======== INPUT DATA ========

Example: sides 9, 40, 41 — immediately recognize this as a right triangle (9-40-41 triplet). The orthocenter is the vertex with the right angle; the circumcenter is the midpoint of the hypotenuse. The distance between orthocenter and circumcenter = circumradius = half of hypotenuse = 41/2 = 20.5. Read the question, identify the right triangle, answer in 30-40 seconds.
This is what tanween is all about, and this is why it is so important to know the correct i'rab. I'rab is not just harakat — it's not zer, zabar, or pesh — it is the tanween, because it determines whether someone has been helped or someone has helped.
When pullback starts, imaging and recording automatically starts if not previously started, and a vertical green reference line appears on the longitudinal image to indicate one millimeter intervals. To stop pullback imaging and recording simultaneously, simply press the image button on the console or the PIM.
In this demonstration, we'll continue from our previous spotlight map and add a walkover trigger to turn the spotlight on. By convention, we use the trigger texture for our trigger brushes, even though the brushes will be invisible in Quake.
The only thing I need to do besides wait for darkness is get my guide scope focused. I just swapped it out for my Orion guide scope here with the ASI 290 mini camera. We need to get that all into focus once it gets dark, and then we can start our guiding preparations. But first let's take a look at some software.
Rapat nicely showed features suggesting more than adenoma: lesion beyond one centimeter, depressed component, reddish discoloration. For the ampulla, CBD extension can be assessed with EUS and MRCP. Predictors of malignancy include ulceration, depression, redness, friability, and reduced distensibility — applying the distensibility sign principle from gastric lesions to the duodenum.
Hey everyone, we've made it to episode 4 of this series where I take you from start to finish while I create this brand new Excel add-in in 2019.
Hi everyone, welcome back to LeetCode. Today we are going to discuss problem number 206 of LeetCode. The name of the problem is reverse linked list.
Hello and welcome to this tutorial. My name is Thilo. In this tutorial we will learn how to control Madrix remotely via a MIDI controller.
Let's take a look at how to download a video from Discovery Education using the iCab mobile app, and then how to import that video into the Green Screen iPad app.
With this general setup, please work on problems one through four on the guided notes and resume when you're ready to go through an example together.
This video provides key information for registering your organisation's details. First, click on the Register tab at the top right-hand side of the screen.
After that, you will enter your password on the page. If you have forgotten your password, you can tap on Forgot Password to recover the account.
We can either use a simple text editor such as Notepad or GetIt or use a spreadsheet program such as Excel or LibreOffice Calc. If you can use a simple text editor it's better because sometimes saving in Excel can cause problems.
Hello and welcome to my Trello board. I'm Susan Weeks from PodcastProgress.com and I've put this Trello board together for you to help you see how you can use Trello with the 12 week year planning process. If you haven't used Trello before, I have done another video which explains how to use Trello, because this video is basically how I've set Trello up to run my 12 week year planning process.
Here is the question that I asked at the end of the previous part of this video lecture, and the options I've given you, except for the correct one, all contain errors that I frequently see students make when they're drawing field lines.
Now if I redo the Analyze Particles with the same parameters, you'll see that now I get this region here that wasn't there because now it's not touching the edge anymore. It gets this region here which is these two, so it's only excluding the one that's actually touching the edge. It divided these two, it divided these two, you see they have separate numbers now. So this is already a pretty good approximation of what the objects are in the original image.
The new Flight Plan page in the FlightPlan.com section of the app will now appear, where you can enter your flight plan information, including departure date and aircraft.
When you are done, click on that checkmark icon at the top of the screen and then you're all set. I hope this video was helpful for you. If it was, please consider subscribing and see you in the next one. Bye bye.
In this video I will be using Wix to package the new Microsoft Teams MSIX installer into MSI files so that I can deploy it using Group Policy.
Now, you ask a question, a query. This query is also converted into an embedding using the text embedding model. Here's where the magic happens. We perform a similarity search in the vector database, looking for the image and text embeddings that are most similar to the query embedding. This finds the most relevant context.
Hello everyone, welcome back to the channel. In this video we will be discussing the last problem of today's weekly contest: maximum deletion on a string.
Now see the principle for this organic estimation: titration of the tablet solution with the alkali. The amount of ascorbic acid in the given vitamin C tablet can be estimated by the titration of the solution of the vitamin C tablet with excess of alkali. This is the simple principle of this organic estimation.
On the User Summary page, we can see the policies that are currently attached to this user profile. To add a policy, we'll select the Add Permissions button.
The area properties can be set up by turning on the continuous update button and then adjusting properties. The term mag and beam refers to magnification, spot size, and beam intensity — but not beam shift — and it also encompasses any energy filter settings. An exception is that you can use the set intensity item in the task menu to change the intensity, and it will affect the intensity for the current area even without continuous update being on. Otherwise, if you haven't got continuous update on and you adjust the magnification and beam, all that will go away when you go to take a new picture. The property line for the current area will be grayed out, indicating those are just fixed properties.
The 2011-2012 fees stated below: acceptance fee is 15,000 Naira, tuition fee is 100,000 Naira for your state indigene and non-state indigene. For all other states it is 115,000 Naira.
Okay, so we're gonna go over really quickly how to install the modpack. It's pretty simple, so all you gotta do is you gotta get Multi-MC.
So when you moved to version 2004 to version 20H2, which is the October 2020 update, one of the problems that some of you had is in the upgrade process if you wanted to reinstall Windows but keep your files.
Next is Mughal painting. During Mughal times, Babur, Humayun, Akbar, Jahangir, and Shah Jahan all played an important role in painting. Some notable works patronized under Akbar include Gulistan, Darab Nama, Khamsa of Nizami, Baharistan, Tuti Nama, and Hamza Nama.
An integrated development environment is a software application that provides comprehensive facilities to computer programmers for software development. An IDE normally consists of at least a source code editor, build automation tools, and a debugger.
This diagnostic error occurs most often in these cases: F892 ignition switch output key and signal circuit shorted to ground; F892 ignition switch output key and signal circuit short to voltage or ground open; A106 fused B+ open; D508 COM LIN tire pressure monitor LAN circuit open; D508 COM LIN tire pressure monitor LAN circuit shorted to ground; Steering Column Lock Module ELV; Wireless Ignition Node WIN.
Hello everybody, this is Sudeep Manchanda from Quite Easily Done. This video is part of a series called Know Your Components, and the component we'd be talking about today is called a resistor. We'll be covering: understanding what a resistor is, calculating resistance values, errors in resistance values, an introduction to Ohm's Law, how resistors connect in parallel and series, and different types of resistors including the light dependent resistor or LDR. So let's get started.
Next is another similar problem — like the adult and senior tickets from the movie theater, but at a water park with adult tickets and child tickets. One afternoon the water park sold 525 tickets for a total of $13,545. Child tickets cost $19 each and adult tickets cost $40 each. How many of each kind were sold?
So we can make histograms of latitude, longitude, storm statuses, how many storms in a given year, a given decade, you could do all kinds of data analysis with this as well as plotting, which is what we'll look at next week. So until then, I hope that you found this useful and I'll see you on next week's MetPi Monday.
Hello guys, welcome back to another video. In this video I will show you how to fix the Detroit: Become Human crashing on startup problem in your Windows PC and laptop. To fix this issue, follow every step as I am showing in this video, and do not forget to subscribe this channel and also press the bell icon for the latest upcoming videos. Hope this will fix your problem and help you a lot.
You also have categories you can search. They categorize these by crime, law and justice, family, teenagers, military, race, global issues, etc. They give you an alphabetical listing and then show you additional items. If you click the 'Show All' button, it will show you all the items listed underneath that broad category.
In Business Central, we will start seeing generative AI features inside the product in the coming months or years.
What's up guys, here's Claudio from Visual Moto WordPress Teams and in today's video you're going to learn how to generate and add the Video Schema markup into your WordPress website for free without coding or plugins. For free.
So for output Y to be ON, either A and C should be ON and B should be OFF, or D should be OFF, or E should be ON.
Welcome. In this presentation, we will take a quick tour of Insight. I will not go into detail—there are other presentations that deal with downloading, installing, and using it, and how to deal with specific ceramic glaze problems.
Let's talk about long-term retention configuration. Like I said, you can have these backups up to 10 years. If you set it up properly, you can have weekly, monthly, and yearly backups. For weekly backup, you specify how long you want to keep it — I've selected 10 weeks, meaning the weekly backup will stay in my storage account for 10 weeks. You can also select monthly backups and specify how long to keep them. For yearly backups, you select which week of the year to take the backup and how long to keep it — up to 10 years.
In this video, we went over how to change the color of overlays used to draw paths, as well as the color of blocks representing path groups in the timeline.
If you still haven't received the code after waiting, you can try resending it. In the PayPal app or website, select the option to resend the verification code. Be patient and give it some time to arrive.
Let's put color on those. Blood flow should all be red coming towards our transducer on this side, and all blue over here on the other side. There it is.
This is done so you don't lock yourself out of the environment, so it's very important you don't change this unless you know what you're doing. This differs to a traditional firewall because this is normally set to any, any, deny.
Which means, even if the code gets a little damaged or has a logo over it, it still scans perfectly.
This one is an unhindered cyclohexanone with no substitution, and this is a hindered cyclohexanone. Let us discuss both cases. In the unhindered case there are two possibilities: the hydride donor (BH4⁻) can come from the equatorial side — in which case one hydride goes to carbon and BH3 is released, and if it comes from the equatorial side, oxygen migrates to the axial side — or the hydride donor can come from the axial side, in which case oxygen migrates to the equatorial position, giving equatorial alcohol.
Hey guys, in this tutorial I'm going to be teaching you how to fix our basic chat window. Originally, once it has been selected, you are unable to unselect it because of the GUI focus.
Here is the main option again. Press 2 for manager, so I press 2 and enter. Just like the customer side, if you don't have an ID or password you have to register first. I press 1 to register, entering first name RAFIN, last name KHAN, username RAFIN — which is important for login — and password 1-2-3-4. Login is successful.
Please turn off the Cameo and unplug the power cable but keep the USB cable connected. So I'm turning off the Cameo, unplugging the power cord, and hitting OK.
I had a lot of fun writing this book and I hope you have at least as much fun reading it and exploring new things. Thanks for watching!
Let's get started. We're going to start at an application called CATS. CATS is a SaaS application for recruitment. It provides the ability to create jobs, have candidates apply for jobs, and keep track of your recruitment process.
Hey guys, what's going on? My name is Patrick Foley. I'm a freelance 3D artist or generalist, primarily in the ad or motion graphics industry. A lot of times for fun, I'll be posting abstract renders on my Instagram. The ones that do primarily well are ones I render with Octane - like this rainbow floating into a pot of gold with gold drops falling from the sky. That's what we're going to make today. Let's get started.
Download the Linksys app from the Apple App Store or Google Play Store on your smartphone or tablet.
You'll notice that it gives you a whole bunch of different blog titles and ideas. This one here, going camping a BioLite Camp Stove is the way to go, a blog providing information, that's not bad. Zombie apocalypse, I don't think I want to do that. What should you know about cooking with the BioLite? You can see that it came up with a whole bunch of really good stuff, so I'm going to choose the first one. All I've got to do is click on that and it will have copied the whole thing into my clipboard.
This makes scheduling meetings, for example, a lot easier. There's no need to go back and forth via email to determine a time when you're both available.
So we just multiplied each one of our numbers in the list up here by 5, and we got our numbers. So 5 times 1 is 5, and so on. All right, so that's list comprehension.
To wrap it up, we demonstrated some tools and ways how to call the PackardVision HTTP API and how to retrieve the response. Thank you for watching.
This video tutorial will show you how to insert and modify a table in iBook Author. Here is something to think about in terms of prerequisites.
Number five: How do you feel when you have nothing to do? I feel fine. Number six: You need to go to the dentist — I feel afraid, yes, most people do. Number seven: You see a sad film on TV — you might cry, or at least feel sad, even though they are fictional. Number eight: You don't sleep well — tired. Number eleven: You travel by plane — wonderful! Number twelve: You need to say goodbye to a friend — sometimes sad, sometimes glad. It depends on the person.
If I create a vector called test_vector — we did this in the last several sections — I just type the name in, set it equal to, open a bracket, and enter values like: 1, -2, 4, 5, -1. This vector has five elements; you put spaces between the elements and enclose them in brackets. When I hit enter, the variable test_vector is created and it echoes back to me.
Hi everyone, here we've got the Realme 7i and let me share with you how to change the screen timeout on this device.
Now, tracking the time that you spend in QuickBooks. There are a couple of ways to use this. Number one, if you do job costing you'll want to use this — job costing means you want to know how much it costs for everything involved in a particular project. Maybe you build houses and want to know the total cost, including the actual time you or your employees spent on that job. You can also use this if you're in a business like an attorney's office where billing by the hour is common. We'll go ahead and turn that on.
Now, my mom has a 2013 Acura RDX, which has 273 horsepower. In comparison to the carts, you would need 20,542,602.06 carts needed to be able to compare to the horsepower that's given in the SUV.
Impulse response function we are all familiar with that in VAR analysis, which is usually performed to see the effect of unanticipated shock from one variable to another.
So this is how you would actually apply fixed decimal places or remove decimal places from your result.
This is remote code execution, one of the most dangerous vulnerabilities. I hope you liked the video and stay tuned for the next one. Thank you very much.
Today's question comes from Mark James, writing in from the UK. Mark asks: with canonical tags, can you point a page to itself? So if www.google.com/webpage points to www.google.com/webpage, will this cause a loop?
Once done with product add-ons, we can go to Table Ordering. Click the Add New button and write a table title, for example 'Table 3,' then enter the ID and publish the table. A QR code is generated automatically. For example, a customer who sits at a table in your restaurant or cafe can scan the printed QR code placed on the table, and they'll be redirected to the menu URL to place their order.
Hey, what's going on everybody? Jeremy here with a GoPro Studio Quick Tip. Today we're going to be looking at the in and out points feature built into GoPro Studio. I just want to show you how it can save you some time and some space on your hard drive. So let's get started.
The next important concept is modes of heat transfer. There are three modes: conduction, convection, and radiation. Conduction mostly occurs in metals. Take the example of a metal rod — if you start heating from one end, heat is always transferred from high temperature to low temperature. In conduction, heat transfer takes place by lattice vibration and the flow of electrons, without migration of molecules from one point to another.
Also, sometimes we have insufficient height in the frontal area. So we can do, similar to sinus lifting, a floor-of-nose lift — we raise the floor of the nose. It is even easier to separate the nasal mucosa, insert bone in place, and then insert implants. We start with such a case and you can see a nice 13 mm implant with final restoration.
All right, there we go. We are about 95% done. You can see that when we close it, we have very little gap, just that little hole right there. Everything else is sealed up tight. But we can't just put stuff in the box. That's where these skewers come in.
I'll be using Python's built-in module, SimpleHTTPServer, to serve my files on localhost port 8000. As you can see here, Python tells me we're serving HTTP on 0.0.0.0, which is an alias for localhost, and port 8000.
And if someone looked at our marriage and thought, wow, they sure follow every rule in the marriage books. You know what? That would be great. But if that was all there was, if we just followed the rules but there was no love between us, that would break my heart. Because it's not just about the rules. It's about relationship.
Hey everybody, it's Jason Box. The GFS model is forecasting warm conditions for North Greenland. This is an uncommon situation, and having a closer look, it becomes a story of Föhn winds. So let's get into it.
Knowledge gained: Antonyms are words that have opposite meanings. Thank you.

========

THE TASK: Search the records for the string "tablet" and return every line in which it occurs.

EXERCISE RESULT:
Now see the principle for this organic estimation: titration of the tablet solution with the alkali. The amount of ascorbic acid in the given vitamin C tablet can be estimated by the titration of the solution of the vitamin C tablet with excess of alkali. This is the simple principle of this organic estimation.
Download the Linksys app from the Apple App Store or Google Play Store on your smartphone or tablet.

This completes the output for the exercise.